WORK INSTRUCTIONS>
The pictures in the data below are to be omitted; all else must be duplicated exactly.

── INFORMATION SHOWN ──

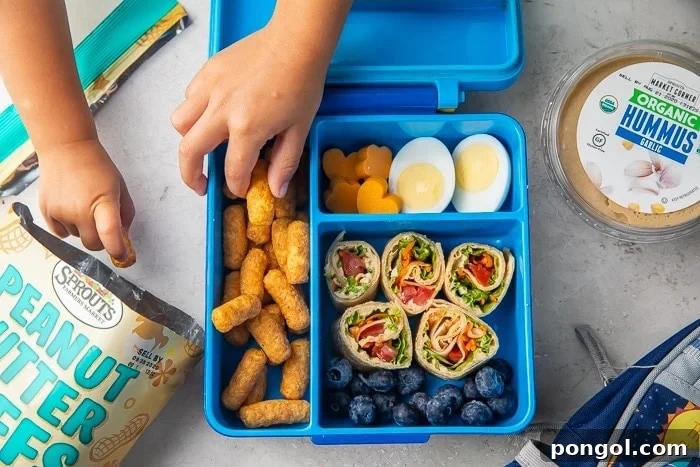 Children's hands reaching for various healthy snacks in a vibrant vegetarian bento lunchbox.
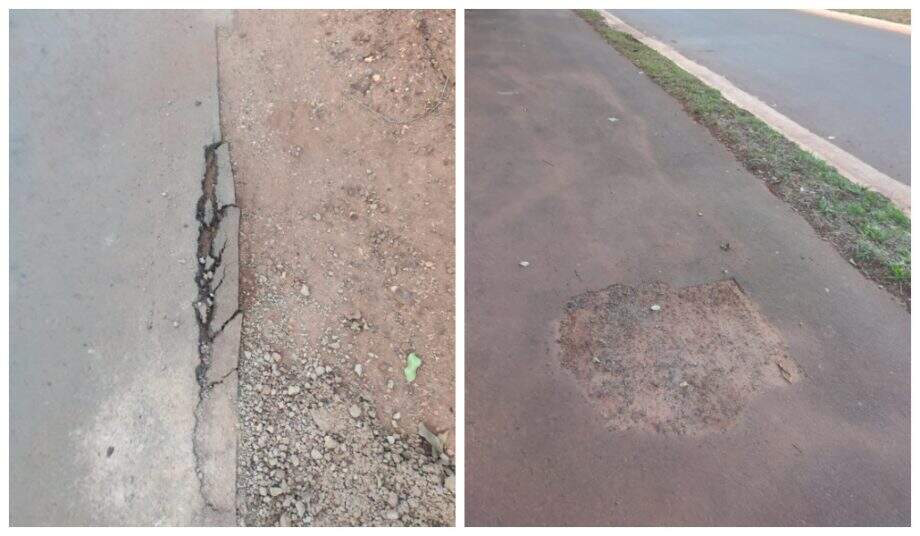 Ruas do Parque dos Poderes contam com buracos e irregularidades.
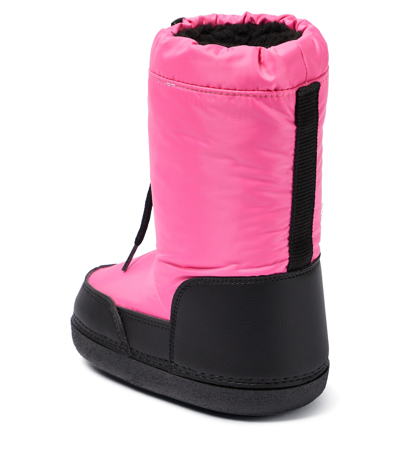 Shop Moschino Teddy Bear Snow Boots In Pink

───

COMPLETED EXERCISE>
 Children's hands reaching for various healthy snacks in a vibrant vegetarian bento lunchbox.
 Ruas do Parque dos Poderes contam com buracos e irregularidades.
 Shop Moschino Teddy Bear Snow Boots In Pink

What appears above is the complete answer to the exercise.